Lieutenant Schafer told the court that some ballistic helmets and plates in use exceed a five‑year warranty window and that the Federal Bureau of Investigation recently advised the department that one of the contractors used for helmets had supplied equipment that was manufactured outside the advertised specifications. “Ballistic items are only warrantied for 5 years,” Lieutenant Schafer said, and older plates or helmets may not provide advertised protection.
SWAT leaders described practical problems with current masks and communications: filters for the masks cannot be kept attached while the mask is in the pouch, slowing donning in a tactical entry; legacy gas masks lack voice amplifiers; and older headset kits are worn, incompatible with newer county radios and difficult to use with gas masks and helmets. They recommended replacing tactical radios/headsets with in‑ear systems that integrate noise cancellation and remote push‑to‑talk capability to protect hearing and preserve communications when firearms are discharged.
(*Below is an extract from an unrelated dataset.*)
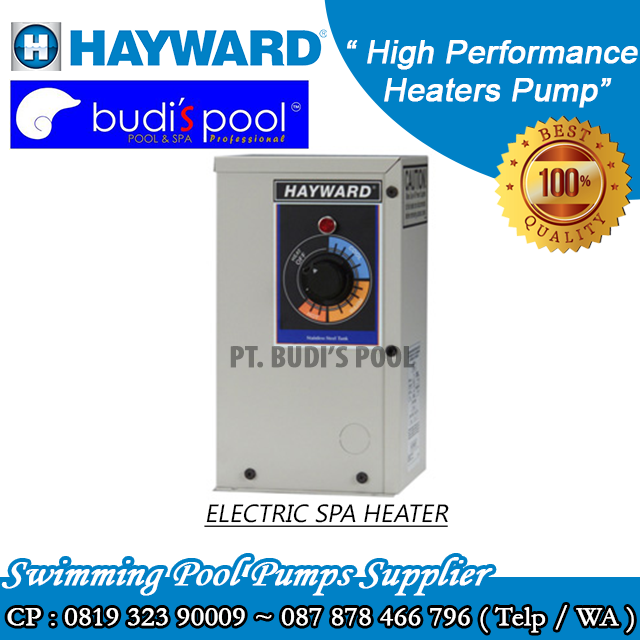 DISTRIBUTOR HEATER HAYWARD MURAH BERGARANSI BALI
The SWAT presentation listed many equipment needs and shortfalls, including (items and counts as reported): rifle‑rated body armor and helmets past warranty; tactical gas masks (m‑50 style); noise‑cancelling tactical headsets and in‑ear comms; weapon‑mounted lights and standardized holsters; individual first‑aid kits (6 of 15 team members currently equipped); outfitting for rifles and five additional rifles; additional less‑lethal launchers and rounds (40mm), reloads and diversionary devices (flashbangs) and replenishment of expiring CS grenades. Staff said they currently had three 40mm long‑range less lethal launchers, one less‑lethal full‑gauge shotgun, four legacy X26 Tasers (with scarce replacement batteries/cartridges) and two non‑expired CS grenades (plus older expired munitions).
On training and sustainment, the team asked for a running stock of diversionary device reloads (they requested a target of ~50 reloads because procurement lead times can approach six months) and requested training ammunition to allow each SWAT operator to shoot roughly 100 rounds per month to maintain proficiency. The presentation included a best‑practice checklist mapped to a national tactical standard and color‑coded items the department has (green), partially has (yellow) or lacks (red).
Captain Cruz and other sheriff’s staff said the team is part‑time and routinely draws officers from patrol and other duties, so equipment redundancy is necessary to ensure gear is on scene even when individual operators are off‑duty. The SWAT leaders said they would pursue grants to reduce county costs and that the sheriff’s office has grant writers working to close the gap if the court can provide an initial investment.
Why it matters: SWAT teams respond to high‑risk situations (hostage/barricade/rescue and active‑shooter incidents). SWAT presenters framed the request as a matter of officer and public safety and asked the court to prioritize replacement of expired ballistic protections and communications, replenish less‑lethal munitions and fund training ammunition.
No formal appropriation or vote was taken during the workshop; presenters said they would work with the sheriff’s office and grant staff on possible external funding sources and return with refined requests.